Additionally, the implications of these results may help to improve the understanding of memory in AR attentional tasks. Bearing in mind Schneider’s work (2020), it would help to develop chip devices to boost memory while working between 3D and AR. For example in Alzheimer brain processing, bearing in mind that ageing attenuates value sensitivity and integration during decision-making and requires more environmental compensation than younger adults (Chen et al., 2021) as well as extending studies of habits in executive function (Obeso et al., 2021).
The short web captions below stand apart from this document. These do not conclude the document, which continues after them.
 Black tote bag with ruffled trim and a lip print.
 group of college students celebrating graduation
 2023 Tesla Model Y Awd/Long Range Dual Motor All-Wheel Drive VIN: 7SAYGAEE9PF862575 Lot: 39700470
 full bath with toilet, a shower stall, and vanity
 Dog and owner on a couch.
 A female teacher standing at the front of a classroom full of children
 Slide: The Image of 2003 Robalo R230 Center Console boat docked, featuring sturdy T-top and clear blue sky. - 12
Prior state influenced RTs

The response of selective attention by means of contextual memory of a previous measure used Markov chains. The Markov chain response patterns were observed to improve when people made errors in their response to the stimuli, which resulted in RT improvement (without feedback) and dependent on the previous state. These results and the different RTs Gaussian distributions, see Table 3 for statistical means and standard deviation are consistent with different visual cognition systems as of Batallones’ findings (Batallones et al., 2015). Indeed Gaussian RTs distributions were found similar in 2D, 3D, and AR but with clearly different average RTs for AR. Batallones’ results considered the RT, however, the results of this study extend the idea to the immediately prior context of the experience affecting attentional states. Attention was studied with P300 according to the analyses in auditory cases seen with EEG (Mugruza-Vassallo and Potter, 2019) and visual in the posterior part to the pre-motor cortex seen with fMRI (Koechlin et al., 2003). Even more, the results presented here of prior state influencing RTs would be an extension to the visual environments of the anticipatory model seen in linguistics and music (Forth et al., 2016). Moreover, an extension of the analysis could be used to test for cognitive bias, for example, to avoid repetitions or random human recognition with Markov Chains (Baena-Mirabete et al., 2020). Also, our results follow and specify previous results (Soon et al., 2013), suggesting that this unconscious preparation of selective choices is not restricted to current left or right motor answer preparation. Instead, decisions in different environments (2D, 3D or AR) evolve from the dynamics of preceding cognitive activity, as shown by different Markov chains.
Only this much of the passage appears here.